Exercise directions: Look below for the line containing "If your budget" and the line containing "The first thing", then set down both and every line between them exactly, without pictures.

════════════════════

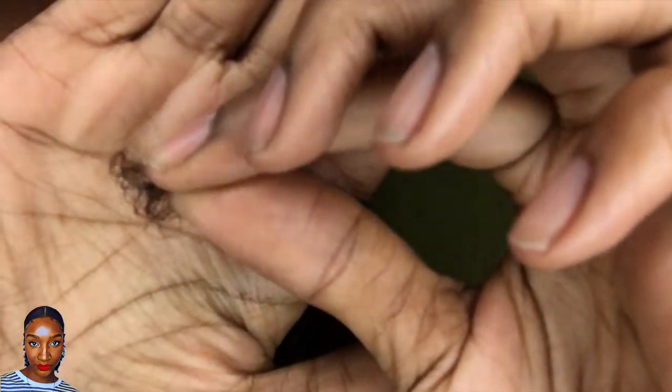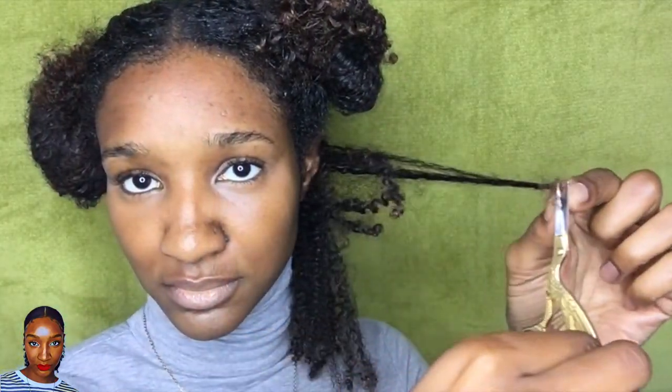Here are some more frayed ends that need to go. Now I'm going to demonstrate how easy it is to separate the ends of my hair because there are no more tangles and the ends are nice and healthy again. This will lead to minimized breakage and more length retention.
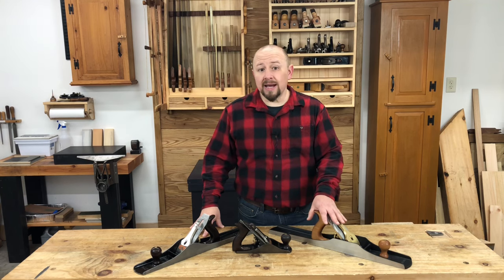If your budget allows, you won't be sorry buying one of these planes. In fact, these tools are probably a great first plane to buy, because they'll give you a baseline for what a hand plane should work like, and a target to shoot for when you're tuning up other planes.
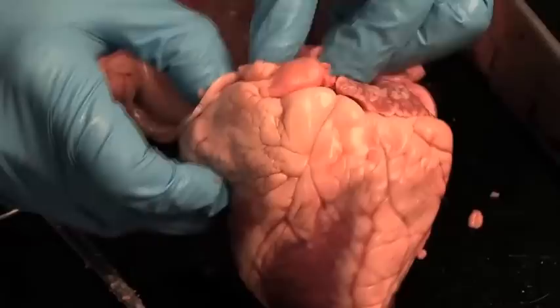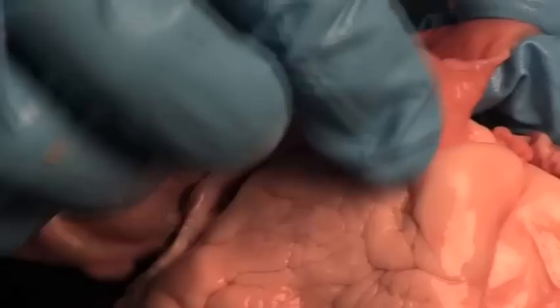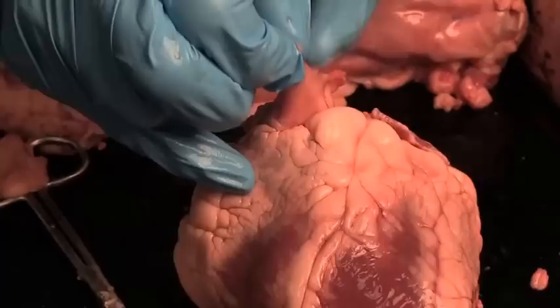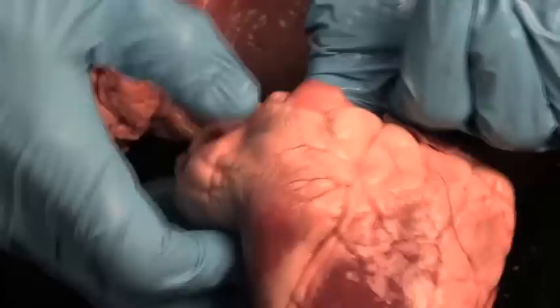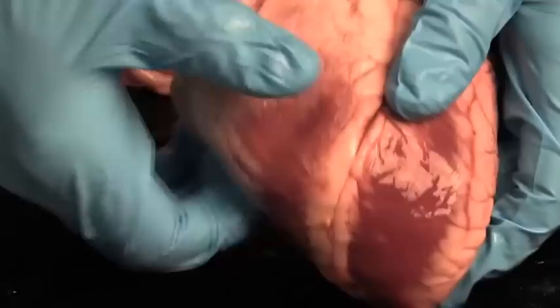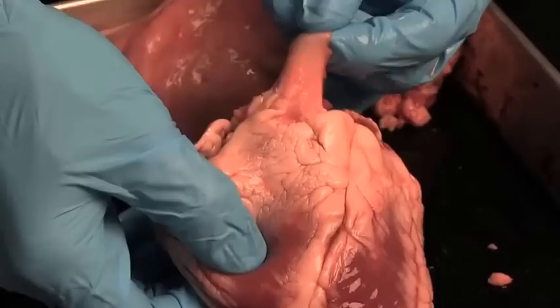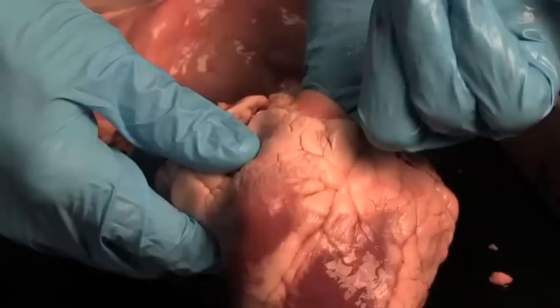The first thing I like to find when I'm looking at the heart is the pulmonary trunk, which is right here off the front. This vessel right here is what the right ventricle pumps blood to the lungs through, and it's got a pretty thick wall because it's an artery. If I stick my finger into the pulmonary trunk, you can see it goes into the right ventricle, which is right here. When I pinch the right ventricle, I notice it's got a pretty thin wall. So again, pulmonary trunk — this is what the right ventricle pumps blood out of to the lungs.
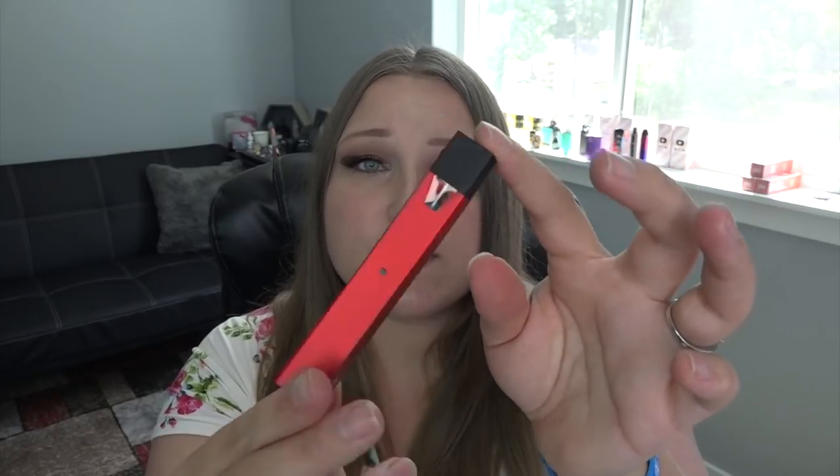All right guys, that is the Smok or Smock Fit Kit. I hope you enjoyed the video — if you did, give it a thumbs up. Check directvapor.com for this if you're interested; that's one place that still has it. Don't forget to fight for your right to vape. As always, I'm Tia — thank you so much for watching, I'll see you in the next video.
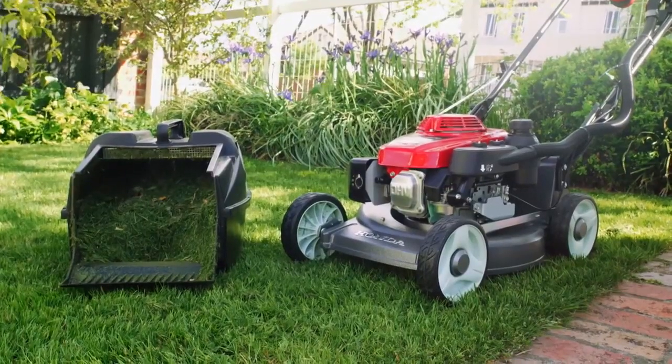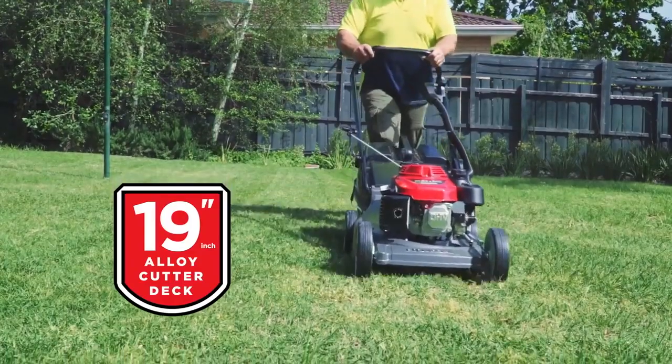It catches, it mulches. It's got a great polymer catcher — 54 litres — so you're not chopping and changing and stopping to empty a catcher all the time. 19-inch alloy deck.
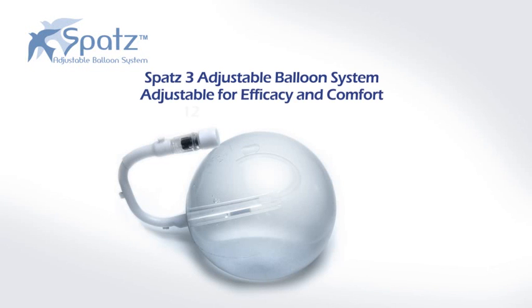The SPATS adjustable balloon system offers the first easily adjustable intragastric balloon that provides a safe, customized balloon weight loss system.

════════════════════

Task answer:
If your budget allows, you won't be sorry buying one of these planes. In fact, these tools are probably a great first plane to buy, because they'll give you a baseline for what a hand plane should work like, and a target to shoot for when you're tuning up other planes.
The first thing I like to find when I'm looking at the heart is the pulmonary trunk, which is right here off the front. This vessel right here is what the right ventricle pumps blood to the lungs through, and it's got a pretty thick wall because it's an artery. If I stick my finger into the pulmonary trunk, you can see it goes into the right ventricle, which is right here. When I pinch the right ventricle, I notice it's got a pretty thin wall. So again, pulmonary trunk — this is what the right ventricle pumps blood out of to the lungs.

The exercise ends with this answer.